フロンティアが消滅すると

 1890年にフロンティアが消滅すると、アメリカ史は大きく動き出します。


 フロンティアというのはアメリカの未開拓地域のことです。アメリカはこれまで東から西へとせっせと開拓を続けてきました。それがついに西海岸まで到達し、アメリカ全土が開拓され終わったことを、「フロンティアの消滅」と呼びます。


 これの何が困るかと言うと、アメリカ国内ではもはや、経済の新たなる市場が手に入らなくなったということです。


 そもそも資本主義経済というものは、常に新しい市場を求める傾向を持っています。列強はその欲求に押されて、他国の植民地化を進め、世界を分割してきました。

 この苛烈な競争を「帝国主義」と呼びます。

 経済問題は、帝国主義を推し進める大きな要因でした。


 さて、これまでのアメリカは、帝国主義の競争に参加してきませんでした。ヨーロッパでの争いごとには関与しないという、モンロー主義を貫いていたのです。

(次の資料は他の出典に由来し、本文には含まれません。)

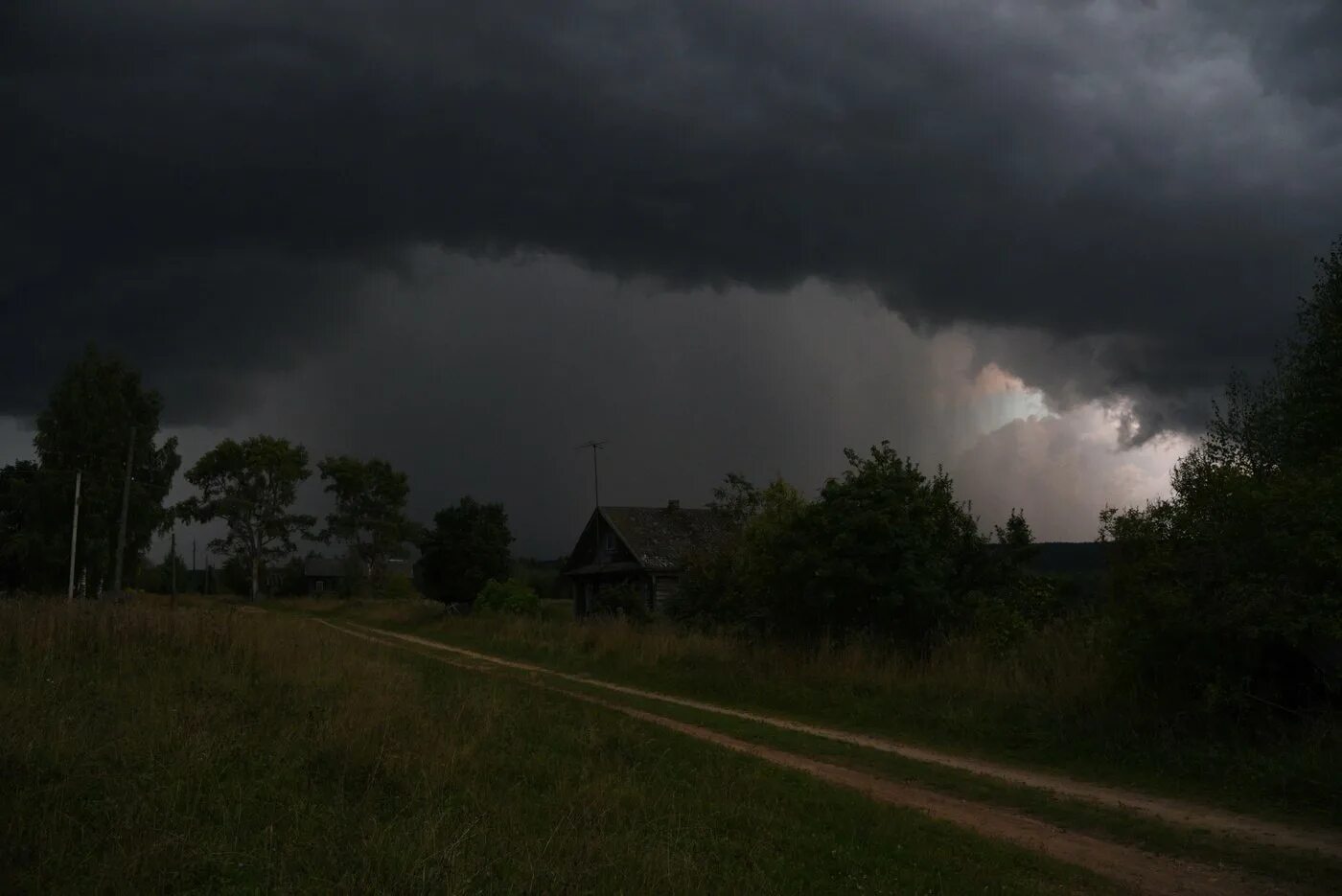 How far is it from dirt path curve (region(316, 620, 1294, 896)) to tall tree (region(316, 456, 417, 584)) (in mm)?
80791

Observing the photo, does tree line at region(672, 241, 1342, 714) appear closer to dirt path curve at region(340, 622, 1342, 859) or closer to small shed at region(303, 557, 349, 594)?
dirt path curve at region(340, 622, 1342, 859)

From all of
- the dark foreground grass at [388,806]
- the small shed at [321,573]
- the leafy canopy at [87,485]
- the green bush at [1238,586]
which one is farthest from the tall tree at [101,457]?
the small shed at [321,573]

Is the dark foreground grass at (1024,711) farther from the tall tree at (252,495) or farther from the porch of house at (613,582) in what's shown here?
the tall tree at (252,495)

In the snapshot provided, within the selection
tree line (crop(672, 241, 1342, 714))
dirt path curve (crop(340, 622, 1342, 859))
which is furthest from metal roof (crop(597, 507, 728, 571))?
dirt path curve (crop(340, 622, 1342, 859))

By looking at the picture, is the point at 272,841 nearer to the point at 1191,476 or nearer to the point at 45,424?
the point at 1191,476

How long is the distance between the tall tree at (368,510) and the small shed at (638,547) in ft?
128

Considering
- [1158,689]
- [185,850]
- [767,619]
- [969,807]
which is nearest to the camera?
[185,850]

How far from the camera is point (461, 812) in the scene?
8.22 metres

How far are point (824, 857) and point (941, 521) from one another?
18.3 meters

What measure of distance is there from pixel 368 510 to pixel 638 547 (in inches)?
1916

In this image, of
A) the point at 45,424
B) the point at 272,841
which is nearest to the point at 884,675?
the point at 272,841

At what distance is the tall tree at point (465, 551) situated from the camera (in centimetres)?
6738

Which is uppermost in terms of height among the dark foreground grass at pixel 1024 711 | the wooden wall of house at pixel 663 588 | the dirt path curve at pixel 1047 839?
the wooden wall of house at pixel 663 588

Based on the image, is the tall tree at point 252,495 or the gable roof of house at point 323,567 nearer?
the tall tree at point 252,495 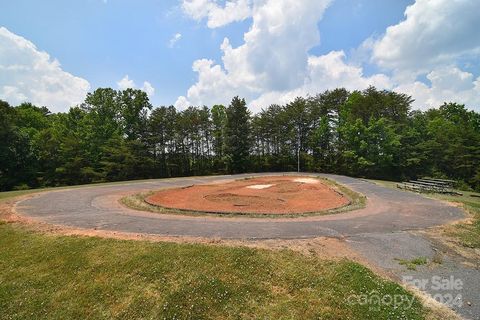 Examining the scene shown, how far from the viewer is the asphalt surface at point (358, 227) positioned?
6.45 metres

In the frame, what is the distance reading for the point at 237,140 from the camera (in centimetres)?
4356

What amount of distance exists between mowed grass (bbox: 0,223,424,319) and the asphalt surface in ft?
3.79

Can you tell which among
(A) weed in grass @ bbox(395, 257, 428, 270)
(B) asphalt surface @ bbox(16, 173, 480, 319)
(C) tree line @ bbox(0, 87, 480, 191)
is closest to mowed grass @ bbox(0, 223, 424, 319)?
(B) asphalt surface @ bbox(16, 173, 480, 319)

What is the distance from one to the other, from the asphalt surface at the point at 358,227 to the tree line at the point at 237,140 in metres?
21.0

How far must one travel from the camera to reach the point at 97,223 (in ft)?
35.1

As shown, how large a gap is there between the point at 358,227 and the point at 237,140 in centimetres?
3416

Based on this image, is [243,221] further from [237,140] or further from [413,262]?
[237,140]

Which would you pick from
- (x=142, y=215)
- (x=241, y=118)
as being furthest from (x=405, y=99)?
(x=142, y=215)

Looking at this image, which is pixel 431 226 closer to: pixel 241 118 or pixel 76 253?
pixel 76 253

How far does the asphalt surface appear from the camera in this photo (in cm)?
645

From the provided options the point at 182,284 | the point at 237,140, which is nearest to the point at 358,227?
the point at 182,284

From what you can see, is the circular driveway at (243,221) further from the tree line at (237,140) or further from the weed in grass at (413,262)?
the tree line at (237,140)

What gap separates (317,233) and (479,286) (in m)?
4.38

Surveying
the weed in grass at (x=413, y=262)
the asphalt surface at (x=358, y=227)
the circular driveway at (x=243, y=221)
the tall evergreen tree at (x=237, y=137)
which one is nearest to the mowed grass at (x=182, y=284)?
the asphalt surface at (x=358, y=227) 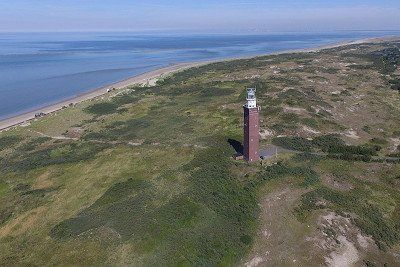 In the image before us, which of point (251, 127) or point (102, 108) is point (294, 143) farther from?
point (102, 108)

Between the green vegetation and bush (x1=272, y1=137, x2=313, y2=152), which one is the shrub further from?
the green vegetation

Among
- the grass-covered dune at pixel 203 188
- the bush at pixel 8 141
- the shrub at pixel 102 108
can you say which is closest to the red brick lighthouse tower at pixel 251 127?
the grass-covered dune at pixel 203 188

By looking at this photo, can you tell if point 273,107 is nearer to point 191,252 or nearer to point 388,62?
point 191,252

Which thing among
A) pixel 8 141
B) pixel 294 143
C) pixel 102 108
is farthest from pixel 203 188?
pixel 102 108

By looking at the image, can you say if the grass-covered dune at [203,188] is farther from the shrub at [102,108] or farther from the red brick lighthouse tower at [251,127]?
the shrub at [102,108]

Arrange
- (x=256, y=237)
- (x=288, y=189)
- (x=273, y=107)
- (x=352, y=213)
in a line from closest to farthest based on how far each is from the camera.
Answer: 1. (x=256, y=237)
2. (x=352, y=213)
3. (x=288, y=189)
4. (x=273, y=107)

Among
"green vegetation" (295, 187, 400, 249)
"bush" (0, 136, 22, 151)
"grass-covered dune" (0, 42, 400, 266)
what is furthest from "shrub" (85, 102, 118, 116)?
"green vegetation" (295, 187, 400, 249)

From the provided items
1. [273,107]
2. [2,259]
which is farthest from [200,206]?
[273,107] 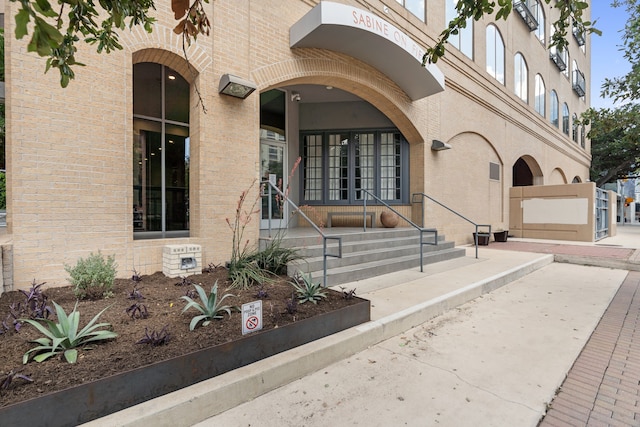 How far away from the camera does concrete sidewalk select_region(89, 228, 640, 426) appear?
2.32 m

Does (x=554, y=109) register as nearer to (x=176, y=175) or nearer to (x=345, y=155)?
(x=345, y=155)

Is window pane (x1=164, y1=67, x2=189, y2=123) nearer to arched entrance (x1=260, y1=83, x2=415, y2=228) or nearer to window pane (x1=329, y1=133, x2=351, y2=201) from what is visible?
arched entrance (x1=260, y1=83, x2=415, y2=228)

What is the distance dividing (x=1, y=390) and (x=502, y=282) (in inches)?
271

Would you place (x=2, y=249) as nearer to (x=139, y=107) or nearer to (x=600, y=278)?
(x=139, y=107)

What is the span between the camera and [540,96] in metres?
17.7

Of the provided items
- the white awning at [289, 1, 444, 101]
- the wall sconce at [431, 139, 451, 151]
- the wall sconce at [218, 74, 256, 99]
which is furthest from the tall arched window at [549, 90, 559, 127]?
the wall sconce at [218, 74, 256, 99]

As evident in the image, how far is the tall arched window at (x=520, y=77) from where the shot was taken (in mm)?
14988

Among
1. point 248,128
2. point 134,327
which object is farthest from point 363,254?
point 134,327

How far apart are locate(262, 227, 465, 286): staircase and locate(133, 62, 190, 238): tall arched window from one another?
8.46ft

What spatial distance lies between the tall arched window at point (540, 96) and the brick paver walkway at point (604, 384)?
1686 cm

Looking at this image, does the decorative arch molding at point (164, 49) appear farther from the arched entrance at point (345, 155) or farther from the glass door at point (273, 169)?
the arched entrance at point (345, 155)

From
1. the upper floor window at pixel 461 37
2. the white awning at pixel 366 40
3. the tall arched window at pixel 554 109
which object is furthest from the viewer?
the tall arched window at pixel 554 109

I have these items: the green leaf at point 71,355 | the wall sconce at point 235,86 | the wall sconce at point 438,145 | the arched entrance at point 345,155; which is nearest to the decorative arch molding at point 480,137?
the wall sconce at point 438,145

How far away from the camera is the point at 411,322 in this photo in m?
4.04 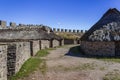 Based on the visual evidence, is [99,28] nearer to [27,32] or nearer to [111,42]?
[111,42]

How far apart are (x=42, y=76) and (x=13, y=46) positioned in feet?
6.91

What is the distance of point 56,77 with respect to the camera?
1117 centimetres

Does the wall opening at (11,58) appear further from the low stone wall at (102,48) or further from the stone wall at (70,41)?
the stone wall at (70,41)

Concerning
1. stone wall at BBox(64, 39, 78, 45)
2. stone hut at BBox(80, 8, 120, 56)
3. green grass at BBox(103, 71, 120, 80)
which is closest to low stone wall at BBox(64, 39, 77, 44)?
stone wall at BBox(64, 39, 78, 45)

 しかし、それが可能だったのは、アメリカにはまだフロンティアがあったからでした。まだ新しい市場を確保できる、まだ経済発展ができる、そんな可能性に満ちたフロンティアが。


 そのフロンティアが消滅してしまうと、それ以上の経済発展が見込めなくなってしまいます。

 まだまだ発展をしていきたいアメリカは、途端に態度を一変させ、外国にちょっかいをかけるようになりました。


 例えばアメリカは、さっそくハワイを占領しました(1893年)。

 また、ヨーロッパの国と交戦して、領土を広げました。具体的には、米西戦争(1898年)でスペインに勝利し、フィリピンをはじめとした植民地を奪いました。

 中南米諸国に強引な取引を迫る「棍棒外交」も良い例です。中でもパナマ運河を管理してその開削を進めたこと(1904年〜)は象徴的なことです。

 東アジアにも何かと権益を求めるようになりました。特に中国への発言権を強めようとしました。


 フロンティアが消滅するや否や、急にこれらの行動に出たアメリカ。フロンティアの消滅は、まさしくアメリカ史においてターニングポイントとなる出来事だったのです。


 無論、それまでにもアメリカは、アメリカ西部を勝手に開拓して、ネイティヴアメリカンを蹂躙してきたわけですが……、その矛先が他国へと向いたという意味で、これは画期的な出来事でした。